Plus le moment fatidique semble approcher, moins Jim se déplace : « the last moment had come, as he thought, and he did not move » (p.107) ; « He had preserved through it a strange illusion of passiveness » (p.108)…

Pour Marlow, qui ne connaît de première main que le procès intenté à Jim, nul doute que la passivité de l’accusé ne fût une « étrange illusion ». Mais pour nous, qui savons désormais combien cette passivité peut être chez Jim l’effet même de l’effroi, un « effort of fear » bien plus qu’une « firmness of courage » (p.122), le « passive heroism » (p.104) de Jim n’est pas une illusion : sa fascination face aux dangers ou aux urgences (« He was not afraid of death perhaps, but I’ll tell you what, he was afraid of the emergency », p.88), qui le pétrifie, tout comme sa transmotivation héroïque, tout comme son narcissisme, tout comme le strict respect du code, sont des forces qui convergent et lui donnent cette raideur qui pourrait suffire : rien n’est plus faux que de dire que « the only force that could have made Jim stay on board would have been an indomitable adherence to his heroic ego-ideal » (Erdinast-Vulcan 1991, p.496) : cette « adhérence » en effet eût bien été une force, mais une parmi toutes les autres, y compris l’inertie même de l’effroi, qui devaient concourir à son maintien à bord.

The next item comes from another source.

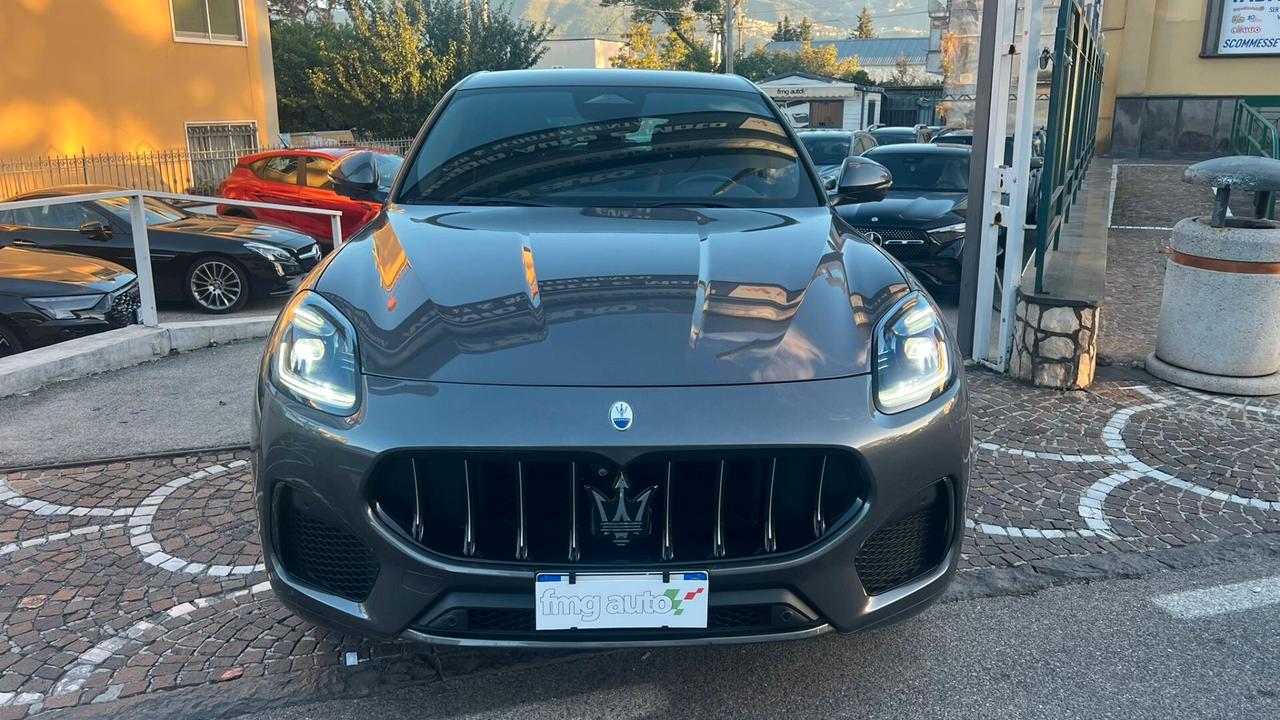 Maserati Grecale MHEV 250 CV AWD GT KM 27.000
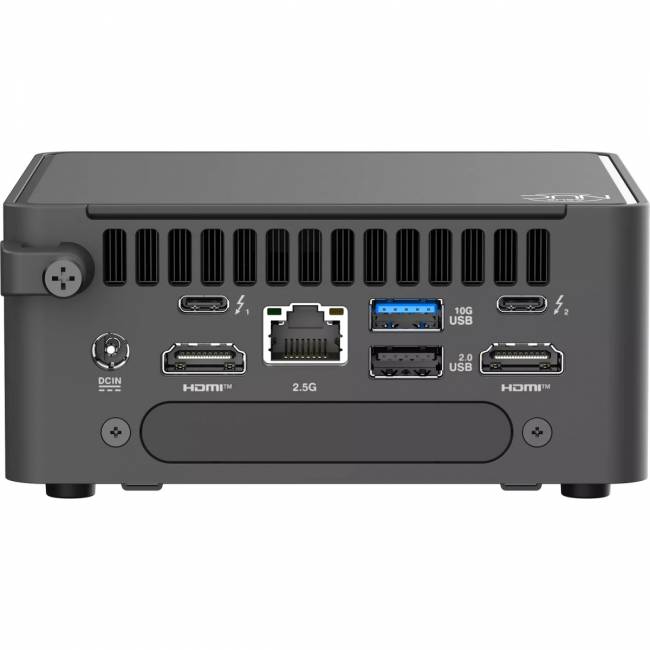 Платформа для Nettop ASUS NUC15CRH 2B (Core 7, 240H, tall) ASUS 90AR00Q2-M00040 — для бизнеса и офиса Платформа для Nettop ASUS NUC15CRH 2B (Core 7, 240H, tall) ASUS 90AR00Q2-M00040 — для бизнеса и офиса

Car s’il est vrai que « cogitatio adæquata semper vitat eamdem rem », qu’une « pensée adéquate évite toujours la même chose » (selon la formule « spinozienne » forgée par Jacques Lacan (1964, p.59)), alors la « pensée » de Jim, connue pour lui éviter de faire le moindre geste dans les situations critiques, n’a aucune raison de changer. La Wiederholungzwang freudienne, la « compulsion de répétition » (Lacan 1964, p.80), ne peut que le replacer dans ce non-acte 143 qu’est l’arrêt chez lui de tout mouvement. « Qu’est-ce que cette butée, ce temps d’arrêt du mouvement ? Ce n’est rien d’autre que l’effet fascinatoire » :

‘Le fascinum, c’est ce qui a pour effet d’arrêter le mouvement et littéralement de tuer la vie. Au moment où le sujet s’arrête suspendant son geste, il est mortifié. La fonction anti-vie, anti-mouvement, de ce point terminal, c’est le fascinum, et c’est précisément une des dimensions où s’exerce directement la puissance du regard. (Lacan 1964, p.133-134)’

La question est donc : qu’est-ce qui, en dépit de ce faisceau préventif que forment le devoir, la dignité, la transmotivation, l’effroi et la Wiederholungzwang même, a pu décider Jim à bouger ? Quelle rupture simultanée de la compulsion (de répétition), de la stupeur (effrayée), du fantasme (héroïque), du Moi (narcissique) et du Surmoi (code de conduite) a pu causer ce saut irréparable ?

Notes
142.

D’où Sir Hugh Clifford tient-il que Lord Jim est « an elaborate psychological study » ? (Clifford 1904a, p.396)

143.

« La répétition apparaît d’abord sous une forme [...] qui ne va pas de soi, comme une représentation, ou une présentification, en acte. » (Lacan 1964, p.60). Si l’acte ne va pas de soi, c’est que le non-acte peut aussi se répéter.